IF SAINTS were looking for something, some kind of momentum to turn their season around, they may just have found it at the Britannia Stadium.

You would have been hard pressed to believe that would be the case at half-time.

It can be hard to take much out of another defeat.

The bottom line is another defeat and now the team are just six ahead of the drop zone.

But at least when it seemed all was lost last night, Saints showed there is still a bit of fight, a bit of life left in them yet.

Having trailed 3-0 at the break, most people would have quite happily packed up and gone home.

The scoreline made it look a foregone conclusion and, despite some nice football from Saints, you couldn't see it being any other way.

But just a little spark, a very early second half goal, and things turned around.

Suddenly Saints were rampant in a way we haven't really seen this season.

The players, clearly fuelled by a certain amount of rage over Stoke's physical approach and some lenient refereeing, were desperate to make a point.

And they did.

There was passion, heart and commitment.

You could argue that it's easy to show all that when you're behind and away from home; it's much harder in front of your fans and from the start.

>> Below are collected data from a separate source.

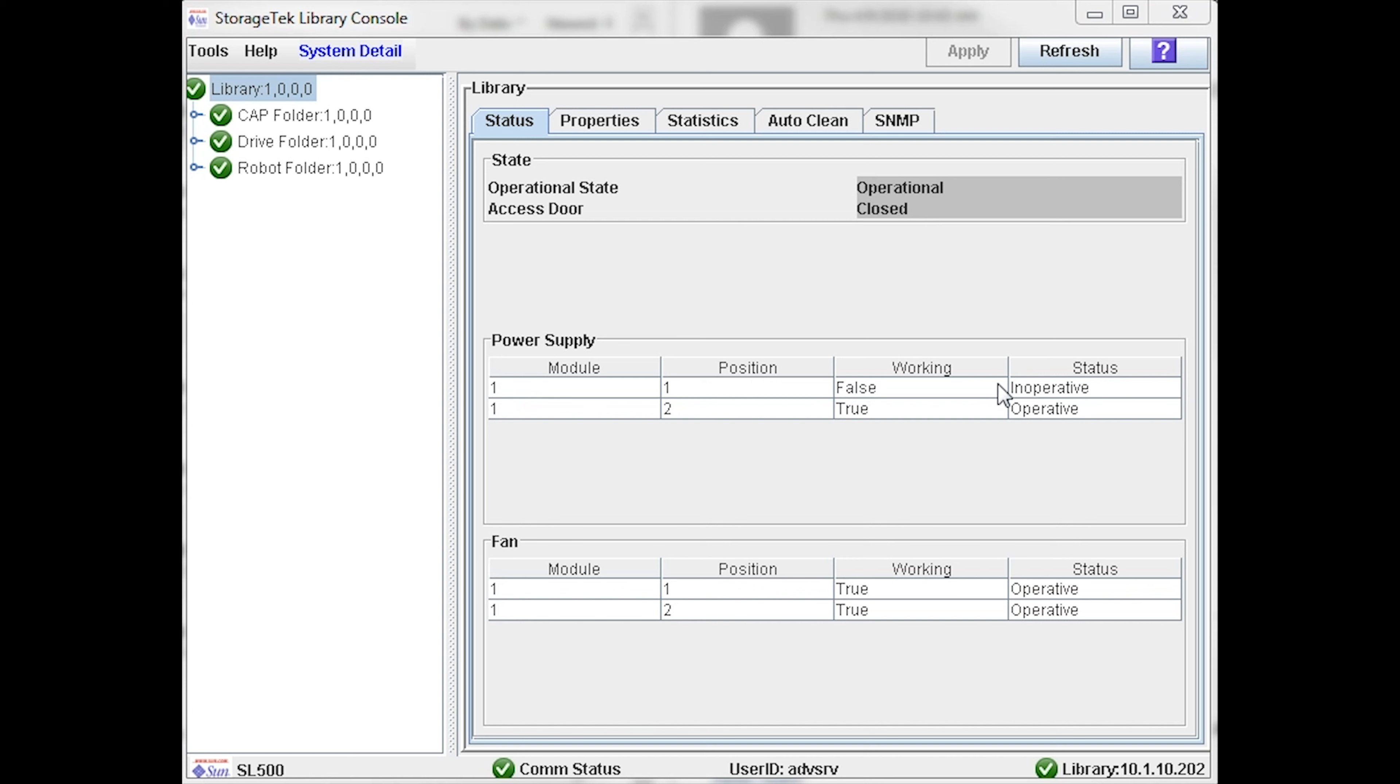Chassis modules are numbered from the top down starting with the number 1. Power supplies within each module are numbered 1 and 2, also from the top down. You will see a status of degraded or inoperative listed next to the power supply that is in a failed state.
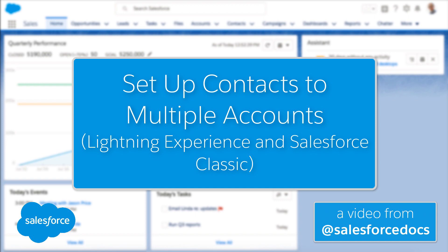In this video, we'll show you how to set up contacts to multiple accounts, so your sales reps can easily track the relationships between the people and businesses they work with, without creating duplicate records.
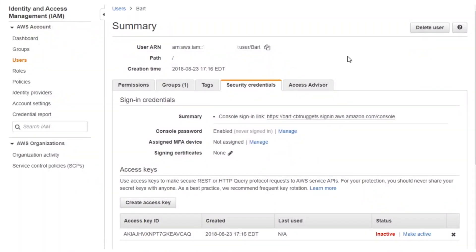If you take a look over here in the management console at one of my demo users, you can see that the password is available here. You also have the ability to augment the console process by adding a multi-factor authentication device — something mentioned in our root IAM lesson previously. Moving on down, you see the signing certificates that can be installed and added here.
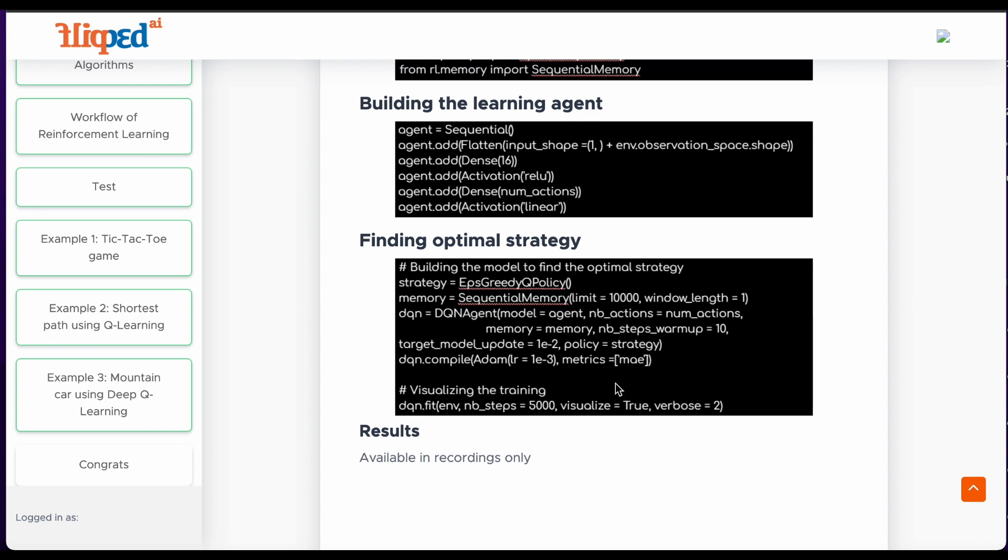Finally, we train the DQN agent on the given environment using experience replay. The training process consists of the agent taking action in the environment, storing the experience in the replay memory buffer, and periodically updating its Q network using batches of samples randomly drawn from the replay memory. Training continues until convergence or until a specified number of training steps is reached.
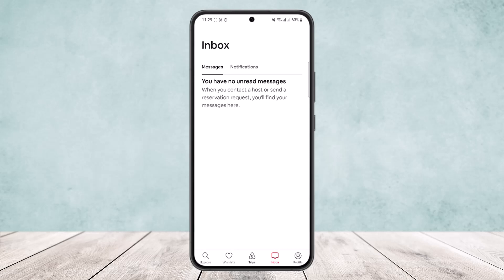However, if you want to delete messages, it's impossible because Airbnb doesn't allow you to delete messages on the app. What you can do is if you have any messages, you'll find the Archive option. You can simply archive it and hide it from your inbox.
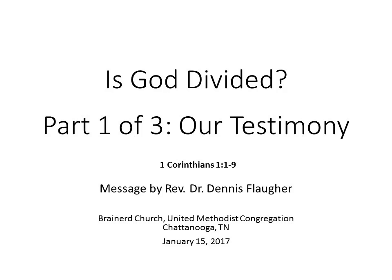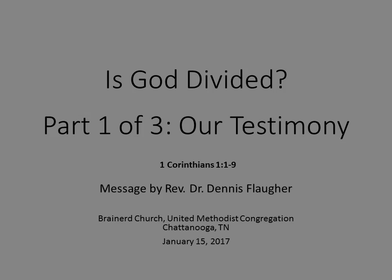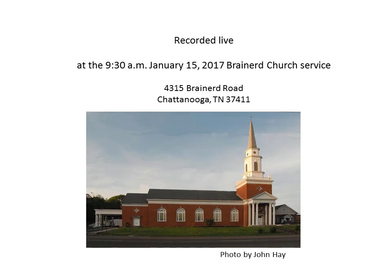The Word of God is found in 1 Corinthians, chapter 1, beginning with verse 1. Paul, called to be an apostle of Christ Jesus by the will of God and our brother Sosthenes, to the church of God that is in Corinth, to those who are sanctified in Christ Jesus,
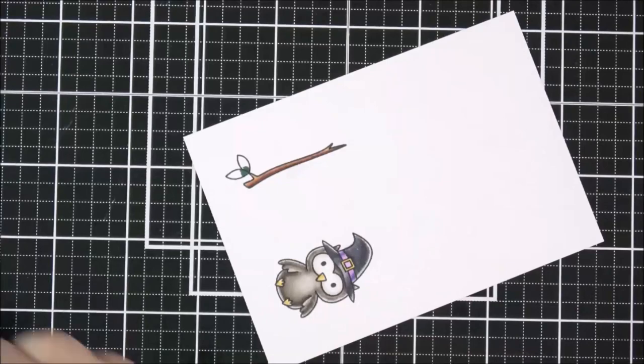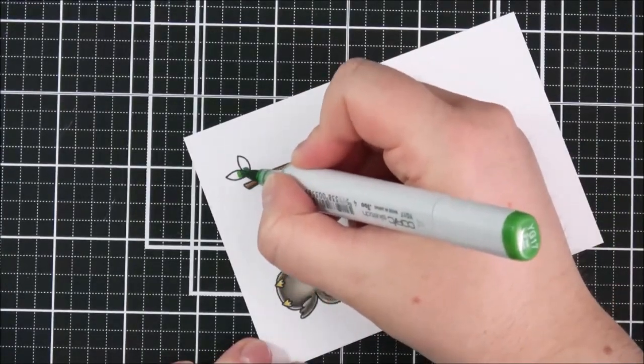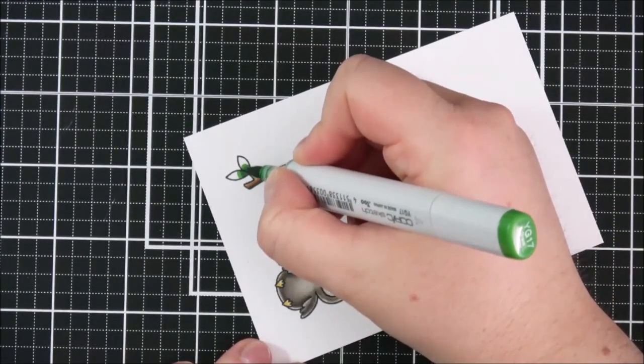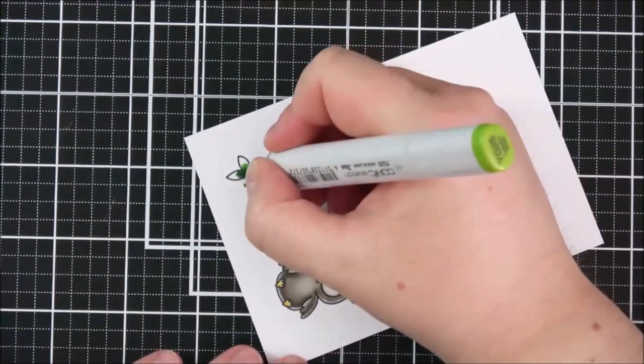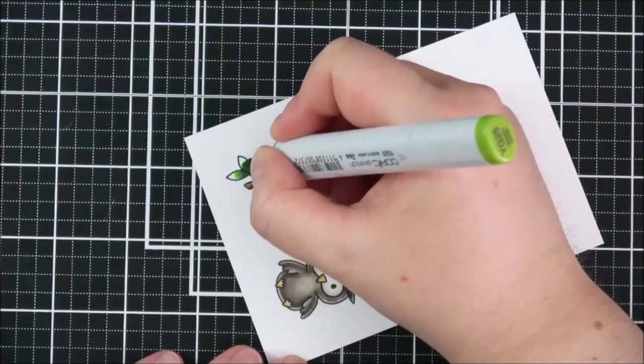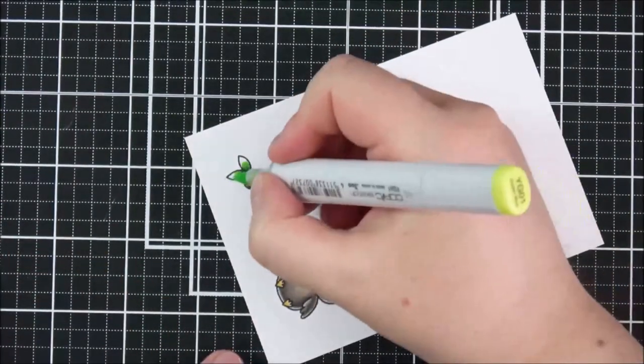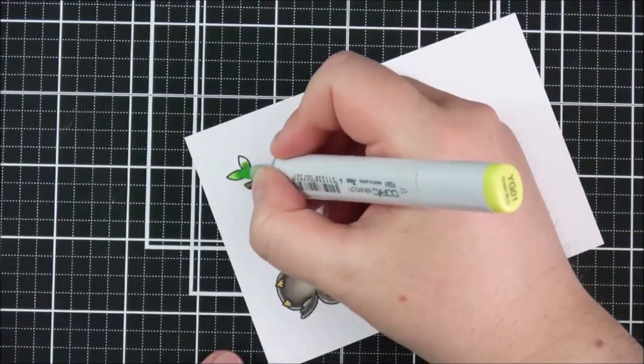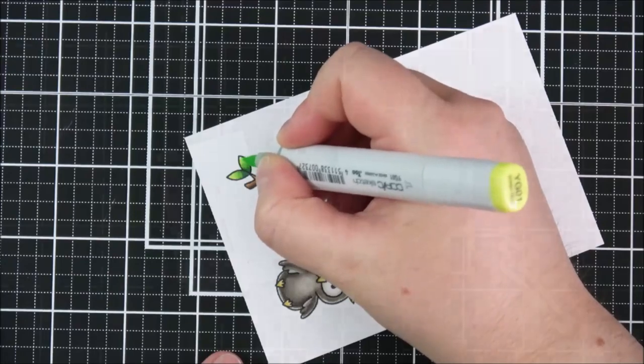And then I apologize that my head got in the way for the branch but I used E59, E57 and E55 for that.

But at least now John Gorman and Jason Dodd have something to point to, a reference point for the players.

They can say that spell in the second half at Stoke is the type of intensity required to see them pick up some more points and end their miserable run of just one win in 11 league games.

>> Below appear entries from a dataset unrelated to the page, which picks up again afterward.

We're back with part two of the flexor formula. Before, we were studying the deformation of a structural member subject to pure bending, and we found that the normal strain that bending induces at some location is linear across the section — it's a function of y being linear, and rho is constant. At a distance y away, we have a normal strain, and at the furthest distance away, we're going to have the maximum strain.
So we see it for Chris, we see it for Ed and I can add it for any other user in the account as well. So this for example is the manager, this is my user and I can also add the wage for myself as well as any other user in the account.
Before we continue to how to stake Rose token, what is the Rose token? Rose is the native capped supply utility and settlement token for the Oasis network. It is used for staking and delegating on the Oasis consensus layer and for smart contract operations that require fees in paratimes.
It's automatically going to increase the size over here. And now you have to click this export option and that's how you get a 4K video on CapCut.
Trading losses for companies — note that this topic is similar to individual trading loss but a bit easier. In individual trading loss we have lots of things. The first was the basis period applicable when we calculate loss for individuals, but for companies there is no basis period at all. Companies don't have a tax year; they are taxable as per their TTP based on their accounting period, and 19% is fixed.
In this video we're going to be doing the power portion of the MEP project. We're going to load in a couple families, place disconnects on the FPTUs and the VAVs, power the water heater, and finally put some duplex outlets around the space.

Stoke played exactly as they were expected to.

They were strong, powerful, physical, aggressive. They tried to knock Saints out of their stride at every opportunity, whether it be from setpieces or gamesmanship.

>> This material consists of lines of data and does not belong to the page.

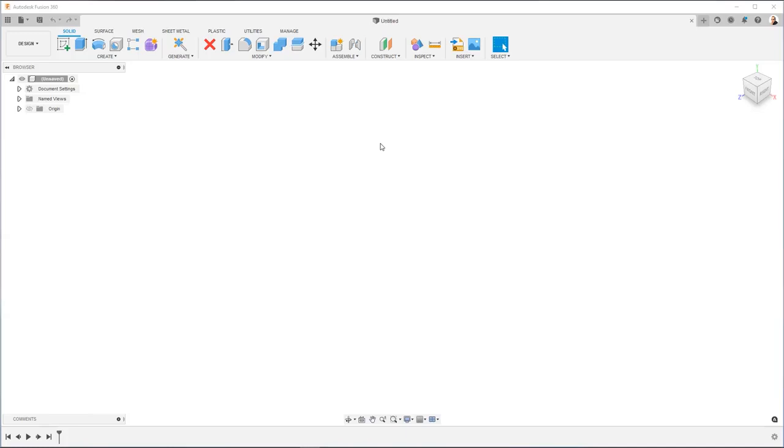In this video, I want to just walk you through setting up your first project. So when you open up Fusion 360, you're going to be greeted with a window like this.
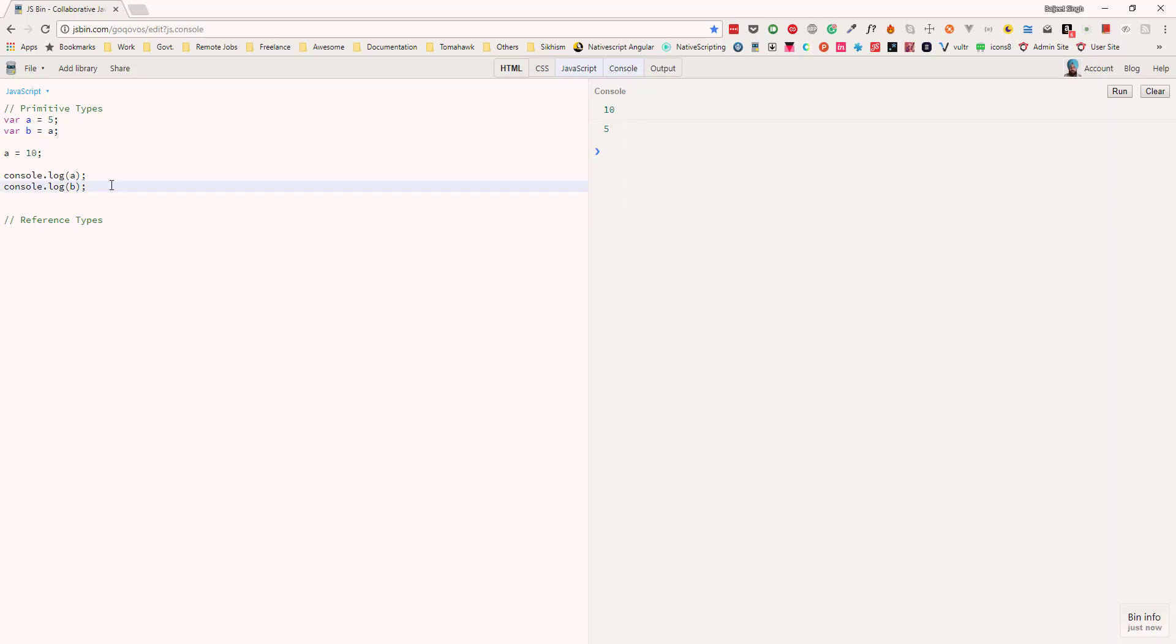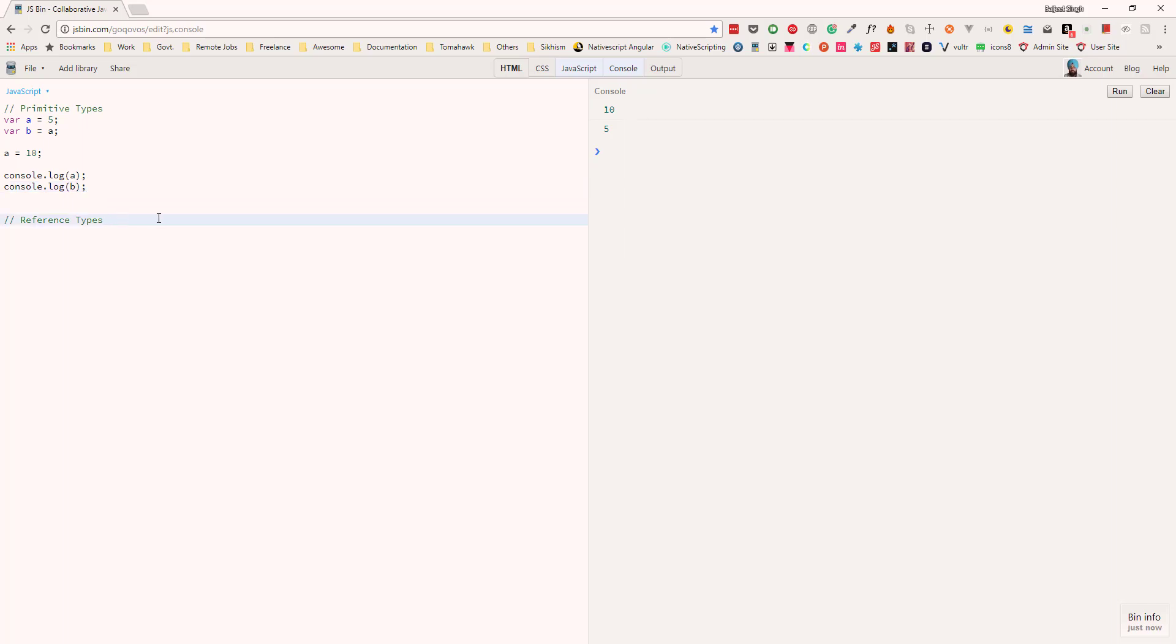So what actually happened is in the case of primitive types, if we copy one variable to another, it actually creates another copy of the variable. So it is no longer attached to that variable, but it is different in the case of reference types. Let's take a look at the reference type array.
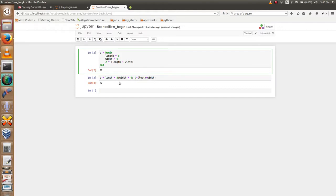I hope you now understand compound expressions in Julia using begin and semicolon. If you like my video, please subscribe for more videos. Thank you.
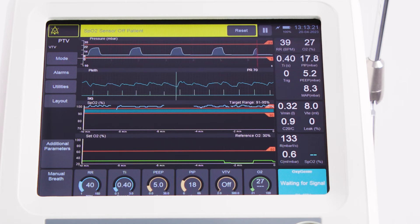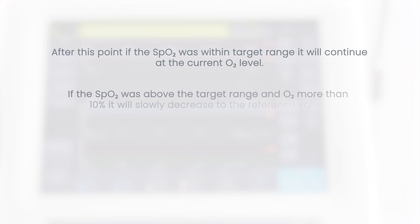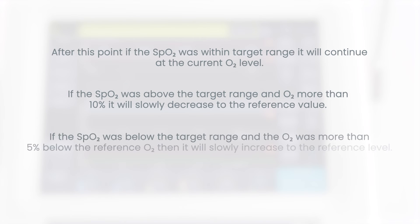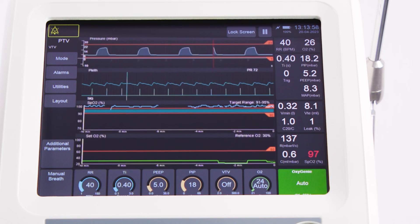The user will be advised on screen if the SpO2 signal is lost. Oxygeni will display in blue 'waiting for signal' and remain at the current O2 value for the first 60 seconds. After this point, if the SpO2 was within target range, it will continue at the current O2 level. If the SpO2 was above the target range and O2 more than 10%, it will slowly decrease to the reference value. If the SpO2 was below the target range and the O2 was more than 5% below the reference O2, it will slowly increase to the reference level. Once a valid SpO2 signal is restored, Oxygeni will return to adjusting the O2 to keep the SpO2 in the target range.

In the first half Saints occasionally let it put them off,which is what is was designed to do. In the second period, they channelled their aggression and it fired them on.

The first half saw very few clear cut chances for either side, and it was no real surprise that Stoke's goals all came from set-pieces - in fact, they all came from Liam Lawrence corners.

It took 27 minutes - after Jhon Viafara had missed Saints' only real chance of the half - for the opener when the ball was delivered right into the danger zone.

Ryan Shawcross attacked it with plenty around him and somehow the ball broke loose to him a couple of yards out but with his back to goal.

Kelvin Davis got down to block the shot but, in a melee of players, Darren Powell could only divert his attempted clearance onto the inside of a post and into his own net.

Lawrence delivered a corner from the other side on 35 minutes and it was 2-0, this time Shawcross meeting it with a thumping header that took a deflection but was easily on target regardless.

After Ricardo Fuller and Lawrence both went close, Stoke appeared to have the game sealed a minute before the break.

Again it was Lawrence with the corner, again the Saints marking wasn't good enough and this time it was Mamady Sidibe who powered home a header.

But while many expected a walk in the park for Stoke in the second half, it was never that way from the very start.

Just 11 seconds after the re-start, Stern John flicked the ball over a defender, controlled on his chest and fired a speculative volley from 20 yards that flew past Steve Simonsen and into the far corner.

That sparked Saints into life and they chased the game with tremendous vigour.

Viafara went close again before John made it 3-2, this time finishing low past Simonsen after breaking the offside trap to collect Jermaine Wright's chipped ball.

Suddenly Saints were a team with belief. But during a 20-minute spell when they had Stoke on the ropes, shaken and struggling to get out of their own penalty area, they couldn't get another goal.

John twice went close while Andrew Surman's shot from distance deflected just wide.

But Stoke did get off the canvas and recover.

They got their shape back, their heads together and almost bagged another, Davis making good saves from Lawrence and Salif Diao.

It may have only been in a spell of the game, and it might not have proved enough, but at least Saints showed more of what they so desperately require.

It was just a pity they couldn't do it from the very first whistle.

Daily Echo Man of the Match: STERN JOHN Was the real catalyst for Saints firing back. Got two and on another day might have had even more.